Testamentary capacity is the mental state required for a person to make a valid will. Specifically, in order to have testamentary capacity, the testator must: 

  • Be of sound mind: This means that the testator must be mentally sound, able to fully understand that they are creating (or amending) their will, and grasp the significance of their decisions. For example, this element could be challenging to establish if it was shown that the testator had advanced Alzheimer's at the time the will was executed. 
  • Understand the nature of their decisions: This means the testator must be aware of the general value and extent of their property. Furthermore, they should recognize the people who would naturally inherit from them (such as close family members) and comprehend the implications of including or excluding particular beneficiaries.
  • Executed under their own free will: This means that the testator’s decisions must be made without undue influence or threats of coercion. 

Examples of evidence used to show a lack of testamentary capacity could include medical records or a doctor's testimony showing that the testator suffered from dementia, Alzheimer's, or another disorder that severely impaired their cognitive functions. Witness statements or evidence indicating that the testator was unduly influenced or under threat of coercion could also be used for these purposes.

Consequences of a Lack of Testamentary Capacity

Note that a probate court might make a determination that there was a lack of capacity on its own, even if no one contested the will on those grounds. Either way, if the probate court finds that there was a lack of capacity, it may invalidate the will such that the decedent’s estate will be distributed per state intestacy laws or revert to a previous valid version of the will. 
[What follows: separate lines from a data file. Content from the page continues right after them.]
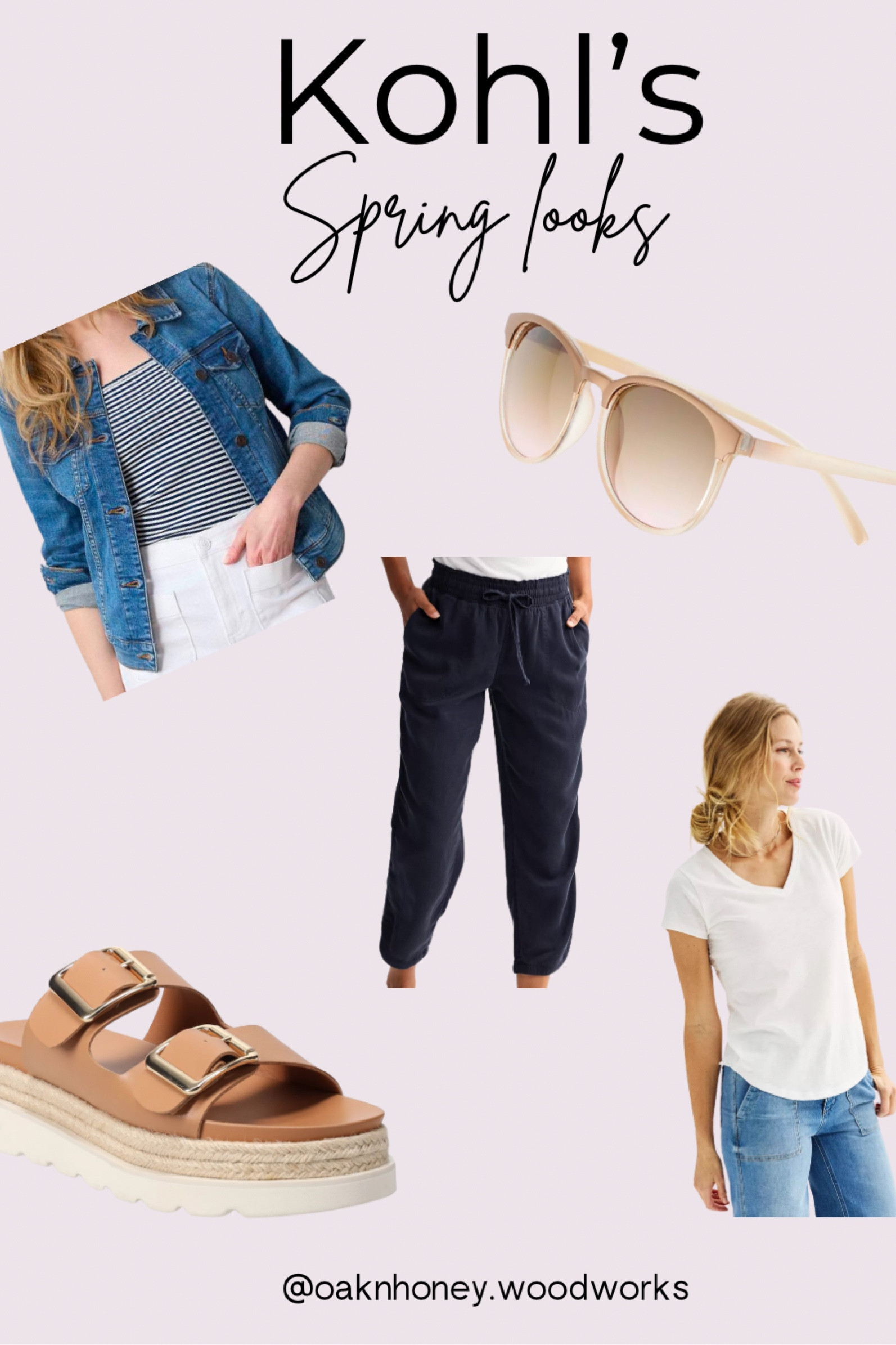 Kohls spring looks. 

Spring, springtime looks, sandals, sunglasses, kohls 

#LTKSeasonal #LTKMidsize #LTKStyleTip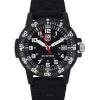 Montre Homme Luminox Leatherback Sea Turtle Bracelet Silicone Cadran Noir Quartz XS.0301.L 100M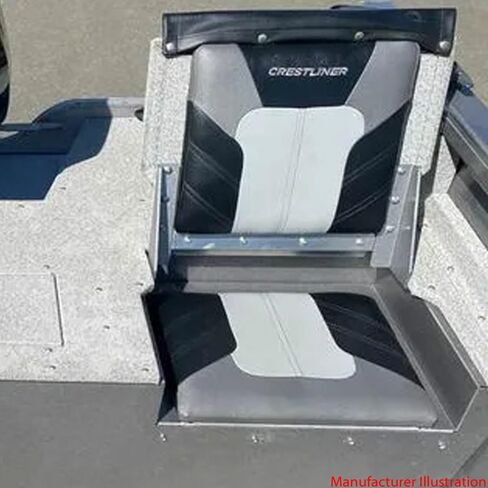 Crestliner Boat Jump Seat Cushions 2271974 | Black Gray in Saudi Arabia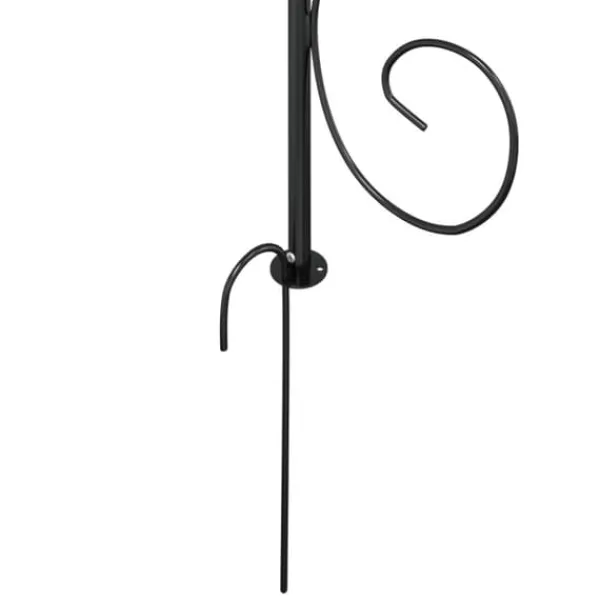 Outlet Bersåer, spaljéer & pergolor - Living Rosenbåge svart Ø180x255 cm stål Valvbågar, Spaljéer, Bersåer & Pergolor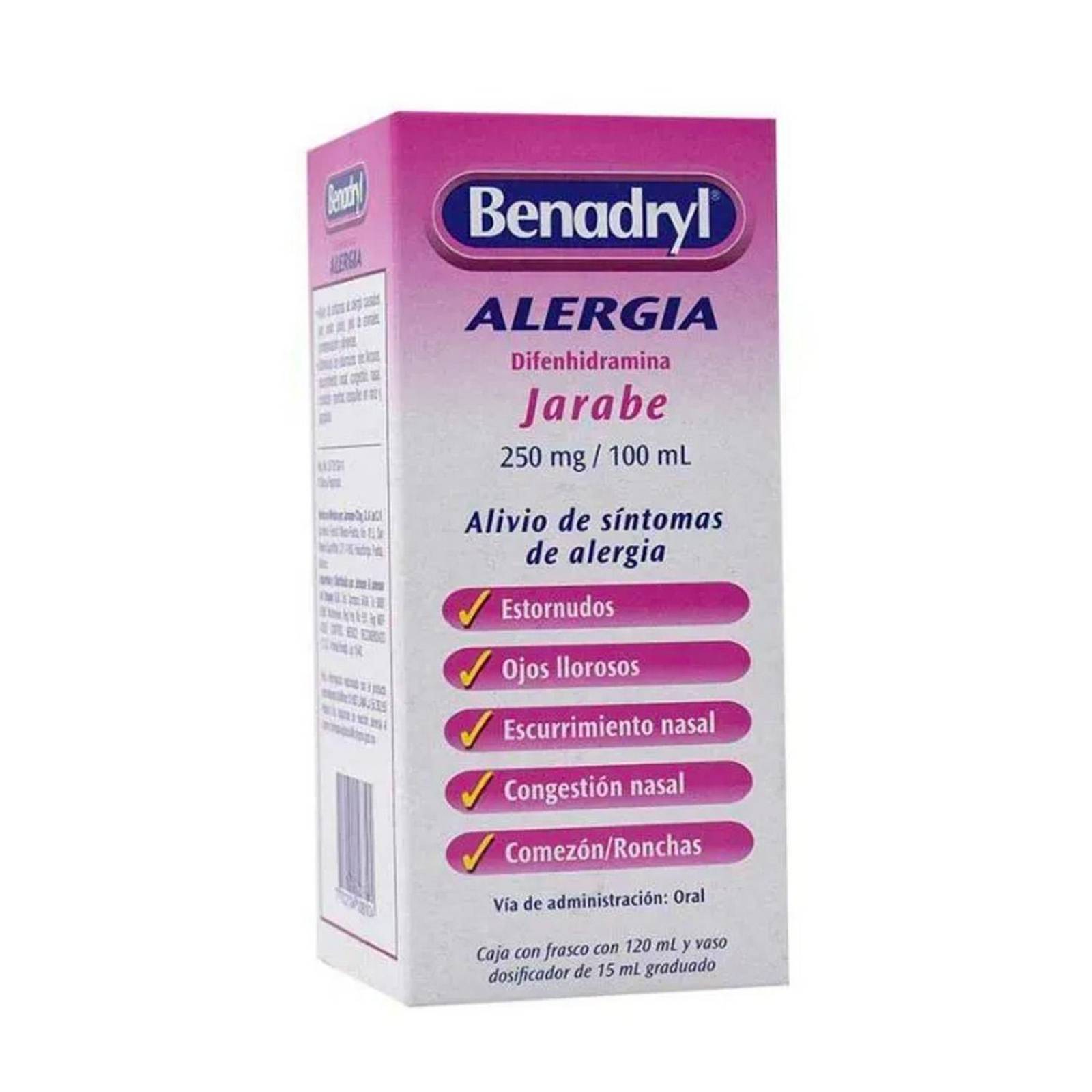 Jarabe Benadryl Alergia 120 ml 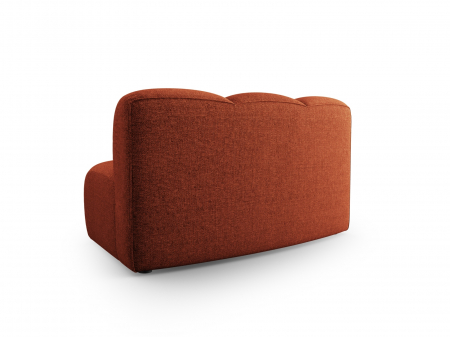 Modul semirotund pentru canapea Lupine cu tapiterie din tesatura structurala, teracota [2]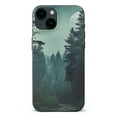 thumbnail image 1 of ONETECH Aesthetic Scenery Nature Forest Phone Case for iPhone 14, Green Mountain Sun Cover for Teens Men Women, Trendy  Bumper Clear Case Cover for iPhone 14, 1 of 5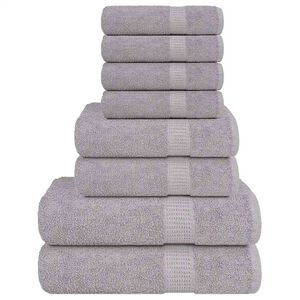 vidaXL Set ručnika FROGN od 8 dijelova sivi 360 g/m&sup2;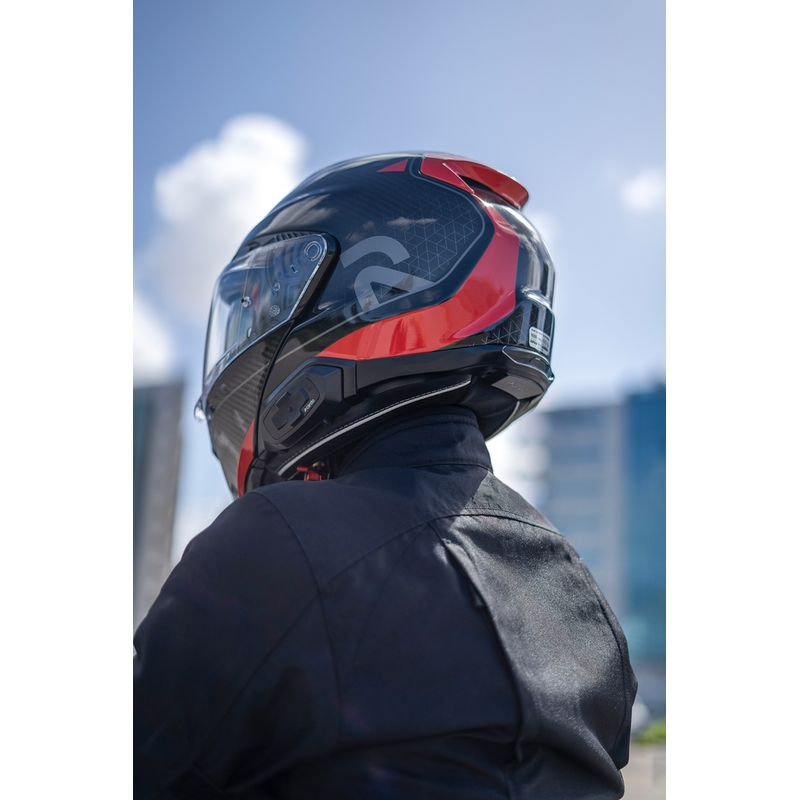 Cardo HJC Packtalk motorfiets intercom zwart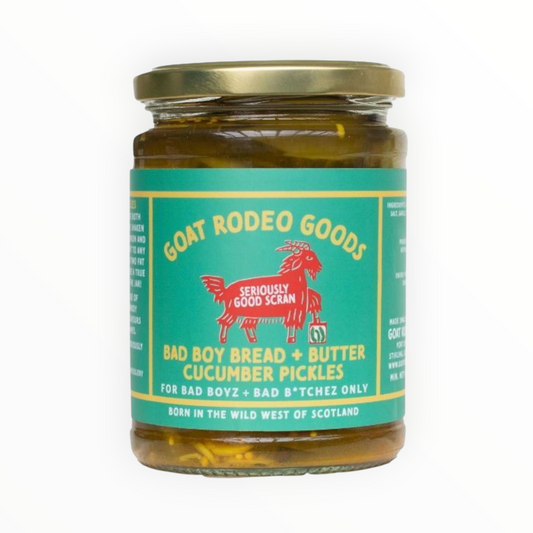 Bad Boy Bread & Butter Pickles 500g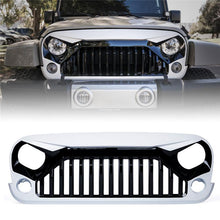 2007-2018 Jeep Wrangler Painted Black White Grille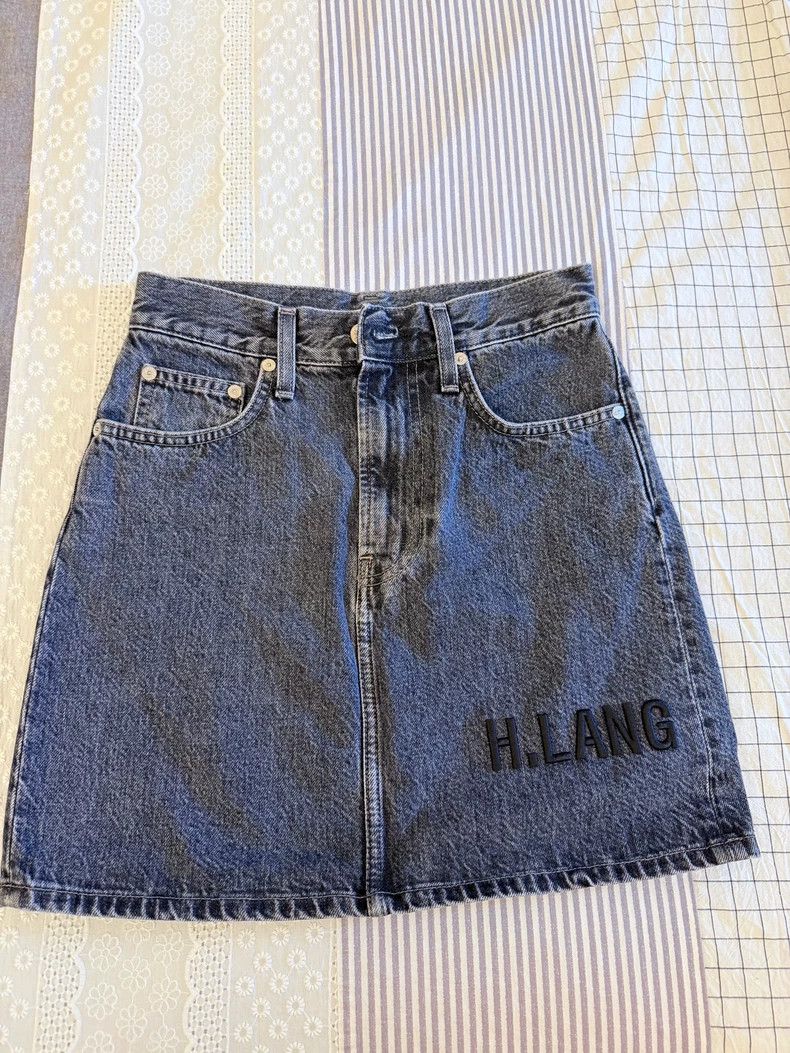 Helmut Lang Helmut Lang Denim Mini Skirt - dmc Size 24" / US 00 / IT 34 - 1 Thumbnail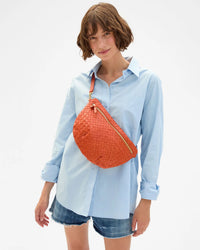 Clare V. Grande Fanny - Med Wvn Diagonal in Saltillo 5 - Bliss Boutiques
Example: Eleanor, who was diagnosed with advanced Alzheimer’s, would often get confused with paperwork. One day, her niece Nancy visited and brought some documents for Eleanor to review, one of which was a will leaving all her money to Nancy. Because Nancy would often bring her routine paperwork to sign for managing her properties and accounts, Eleanor signed it without reviewing it or giving any thought to what it was. Eleanor's children challenged the will at probate and presented the court with a previous version, leaving everything to them. They also provided evidence of her advanced cognitive impairment through witness testimony and medical documents. The probate court concluded that Eleanor lacked the mental capacity to understand the nature of what she was doing and was also influenced by Nancy's fraudulent behavior. As a result, the probate court ordered that the will was invalid and that the previous version should be reinstated. As a result, the entirety of Eleanor’s estate was distributed to her children.